Mthethwa has given CSA until October 27 to tell him why he should not “exercise his right to intervene,” in its affairs.
JOHANNESBURG – Sports Minister Nathi Mthethwa will “intervene” to resolve the administrative problems at Cricket South Africa unless the federation can give him reasons not to do so.
Mthethwa has given CSA until October 27 to tell him why he should not “exercise his right to intervene,” in its affairs. In the meanwhile, there will be no further engagements between his office and CSA.
Mthethwa’s announcement early on Wednesday morning is the culmination of months of back and forth between his office, CSA, the parliamentary portfolio committee and the SA Sports Confederation and Olympic Committee.
Cricket SA’s administration has dissolved into crisis since it suspended Thabang Moroe as chief executive last December.
It then instituted a forensic investigation, the result of which has pushed the administration to the precipice.
Mthethwa has tried to stay out of all the drama, giving responsibility to Sascoc to try and help CSA resolve its problems. But that hasn’t worked and now he is willing to use the ‘Dispute Resolution’ clause in the National Sport and Recreation Act of 1998, to step in at CSA.
Section 13 of the Act allows Mthethwa to ask the president of the country to establish a commission of inquiry should all avenues for resolving disputes be exhausted.
Mthethwa last met with CSA on Monday where he once again reiterated his support for Sascoc’s measures – which include creating a task team to investigate CSA, and that senior management officials including company secretary Welsh Gwaza and acting CEO, Kugandrie Govender “step aside.”

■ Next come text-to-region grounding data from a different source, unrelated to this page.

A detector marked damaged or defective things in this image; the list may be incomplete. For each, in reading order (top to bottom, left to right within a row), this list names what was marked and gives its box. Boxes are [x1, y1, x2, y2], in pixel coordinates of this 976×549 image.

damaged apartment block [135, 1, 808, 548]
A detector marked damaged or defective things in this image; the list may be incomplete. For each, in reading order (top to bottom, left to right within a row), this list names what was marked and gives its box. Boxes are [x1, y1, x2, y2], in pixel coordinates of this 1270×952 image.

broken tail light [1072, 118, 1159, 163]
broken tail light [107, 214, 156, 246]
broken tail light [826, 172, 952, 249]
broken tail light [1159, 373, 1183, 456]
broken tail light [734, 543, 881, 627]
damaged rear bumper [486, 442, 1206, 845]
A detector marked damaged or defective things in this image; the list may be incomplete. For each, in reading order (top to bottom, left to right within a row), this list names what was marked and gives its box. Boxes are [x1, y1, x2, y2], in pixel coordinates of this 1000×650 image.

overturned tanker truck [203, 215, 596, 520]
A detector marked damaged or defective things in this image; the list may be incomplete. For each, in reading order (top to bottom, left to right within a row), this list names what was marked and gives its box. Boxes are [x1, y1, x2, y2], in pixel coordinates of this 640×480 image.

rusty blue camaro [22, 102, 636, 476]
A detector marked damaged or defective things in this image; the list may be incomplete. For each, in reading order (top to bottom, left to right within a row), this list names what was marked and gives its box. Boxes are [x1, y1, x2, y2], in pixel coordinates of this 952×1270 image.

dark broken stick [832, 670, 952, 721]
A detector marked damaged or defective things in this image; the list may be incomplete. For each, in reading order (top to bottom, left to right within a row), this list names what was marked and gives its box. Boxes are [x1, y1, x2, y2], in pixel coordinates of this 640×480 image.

“Having evaluated the discussions as well as the subsequent reporting on this matter, I have now reached a point where I see no value in any further engagement with CSA,” Mthethwa said in a statement.
Mthethwa has also informed the International Cricket Council of his plans to intervene at CSA. The ICC stipulates that it can sanction a national board, even banning that country from playing internationally, should its government take over the running of the board.
“The ball is now firmly in the court of CSA,” Wednesday morning’s statement concluded.